THE TASK>
All records below are to be transcribed exactly, with every picture left out.

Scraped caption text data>
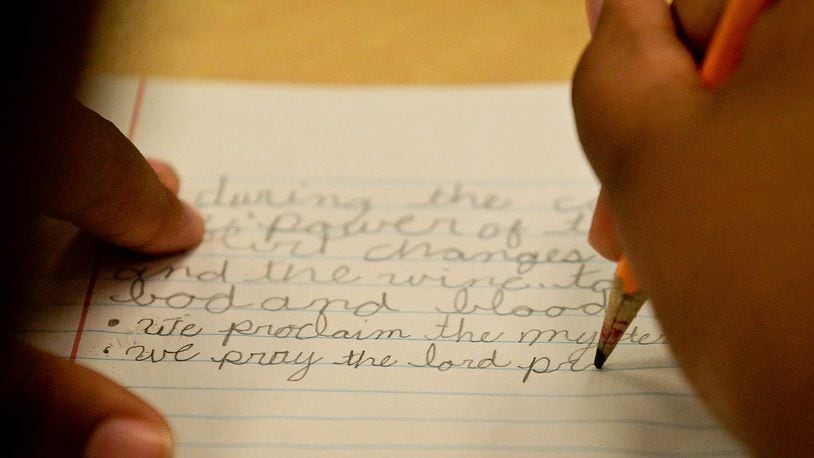Cursive writing is not required in the state curriculum. FILE PHOTO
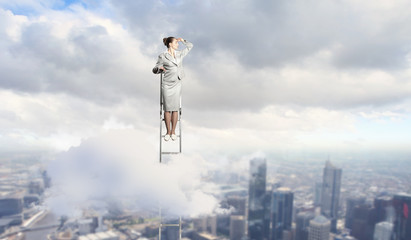 Businesswoman standing on ladder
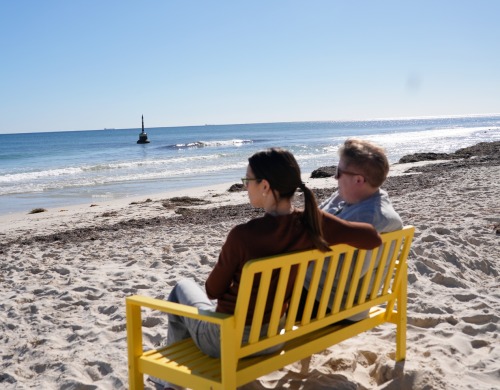 Two people sitting on a Yellow Bench facing the ocean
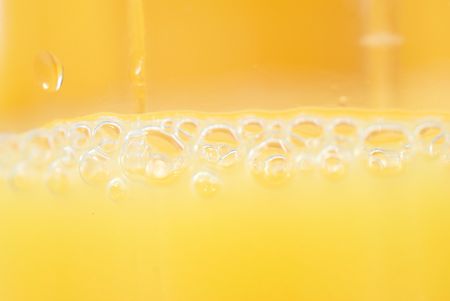 Macro orange juice can be used for backgroundの写真素材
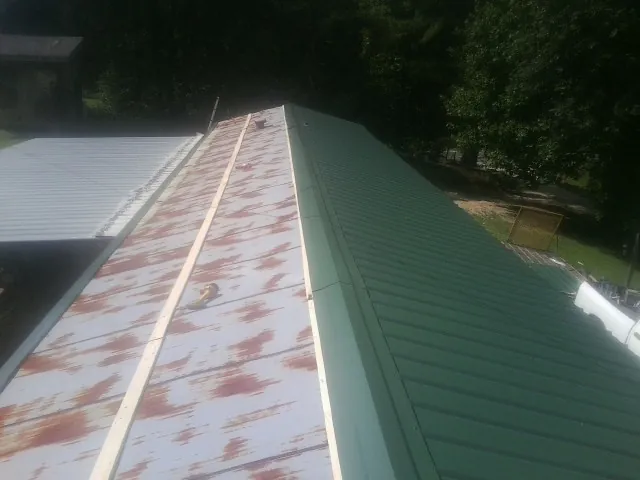 Old rusted panels beside newly installed green metal roofing — Wind Damage Roof Repair by Roofing Brothers in Grants Pass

ANSWER SECTION>
Cursive writing is not required in the state curriculum. FILE PHOTO
 Businesswoman standing on ladder
 Two people sitting on a Yellow Bench facing the ocean
 Macro orange juice can be used for backgroundの写真素材
 Old rusted panels beside newly installed green metal roofing — Wind Damage Roof Repair by Roofing Brothers in Grants Pass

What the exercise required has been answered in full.